The World Health Organization warned on Monday that COVID-19 was moving faster than the vaccines, and said the G7's vow to share a billion doses with poorer nations was simply not enough.
Global health leaders warned the pledge was too little, too late, with more than 11 billion shots needed to stop the pandemic.
Faced with outrage over disparities in jab access, the Group of Seven nations pledged during a weekend summit in Britain to take their total dose donations to more than 1 billion, up from 130 million promised in February.
"I welcome the announcement that G7 countries will donate 870 million (new) vaccine doses, primarily through COVAX," WHO chief Tedros Adhanom Ghebreyesus said in a news conference.
"This is a big help, but we need more, and we need them faster. Right now, the virus is moving faster than the global distribution of vaccines. More than 10,000 people are dying every day. These communities need vaccines, and they need them now, not next year."
In terms of doses administered, the imbalance between the G7 and low-income countries, as defined by the World Bank, is 73 to one.
Many of the donated G7 doses will be filtered through COVAX, a global body charged with ensuring equitable vaccine distribution.
Run by the WHO, the Gavi vaccine alliance and the Coalition for Epidemic Preparedness Innovations, the program has to date shipped more than 87 million vaccine doses to 131 countries. That is far fewer than anticipated.
Medical charity Doctors Without Borders questioned how sincere the G7 was in pursuing vaccine equity.
"We need to see more clarity around the actual number of doses donated, and exactly how long it's going to take to translate their pledges into real impact and access," the medical charity's Hu Yuanqiong said.
Battle plan
The G7 anti-pandemic battle plan includes commitments to avert future pandemics, slashing the time taken to develop and license vaccines to under 100 days, reinforcing global surveillance and strengthening the WHO. But observers voiced doubts at the group's willingness to follow through on the last point.
"I will believe (that) point when the contributions to WHO are increased," tweeted Ilona Kickbusch, founding director and chair of the Global Health Centre in Geneva.
Others stressed the need to quickly resolve the issue of COVID vaccine patent protections, to boost production. Negotiations toward a possible suspension of intellectual property protections for vaccines, as well as other medical tools needed to battle the pandemic, have just begun at the World Trade Organization after months of contentious debate.

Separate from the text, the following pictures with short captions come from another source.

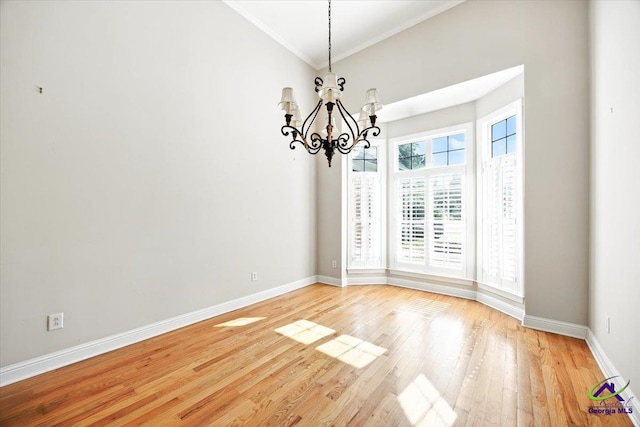 208 W Troon, Macon, GA 31210 - unfurnished dining area featuring crown molding, a chandelier, and light wood-style flooring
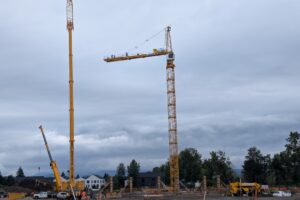 A tower crane pierces the skyline at the Hyas Point construction site along the Washougal waterfront May 13. (Contributed by Central Bethany Construction)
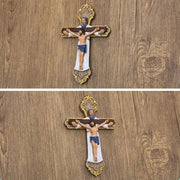 Religious Cross Wall Ornament with intricate design on wooden background.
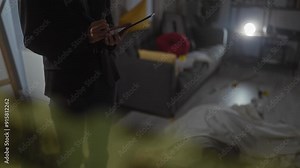A detective woman investigates an indoor crime scene with evidence markers and a body outline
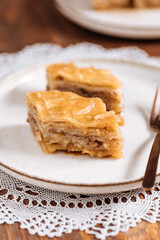 Turkish or Bosnian dessert called Baklava with on a wooden board. Popular dessert for Ramadan and...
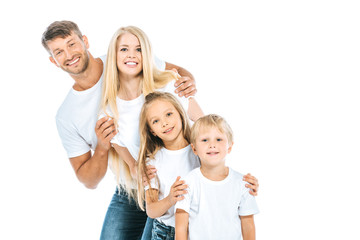 positive family in white t-shirts isolated on white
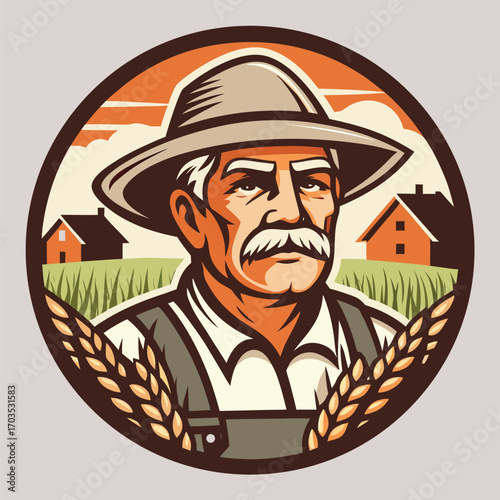 Elderly Caucasian farmer stands proudly before his wheat fields wearing overalls and a hat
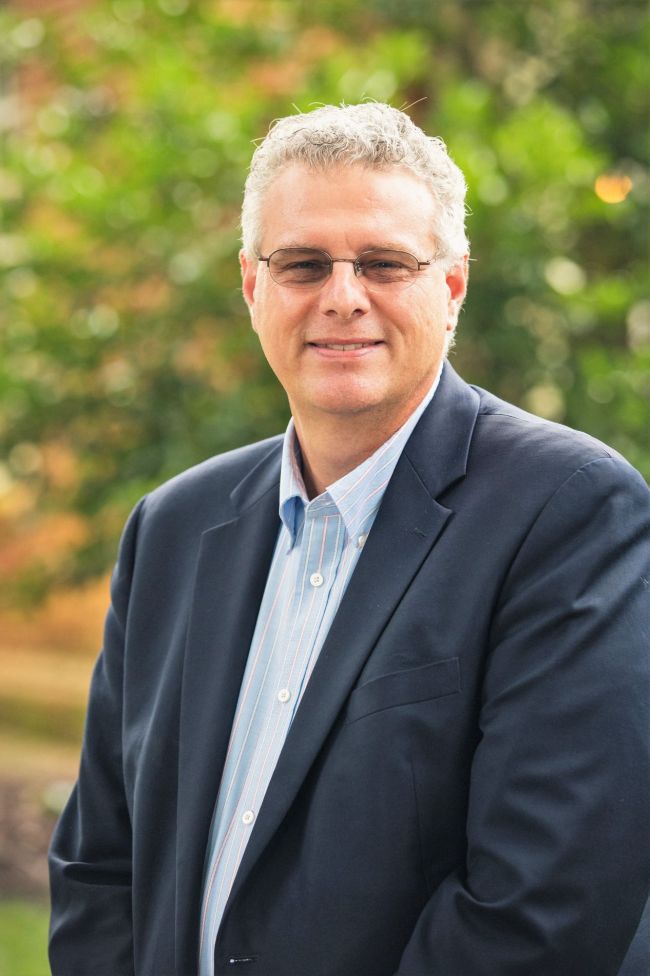 Dale Coulter, white man with glasses and white hair in blue sport coat and light blue shirt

The WHO on Monday also urged countries to close a funding gap of $16 billion for the Access to COVID-19 Tools Accelerator project, which aims to accelerate the development, production, and equitable access to COVID-19 tests, treatments and vaccines left unanswered by participants in the G7 summit.
"We have to close that financing gap. The world has the resources to rapidly close a 16-to-17 billion (dollar) gap," said Bruce Aylward, senior adviser to the WHO director-general.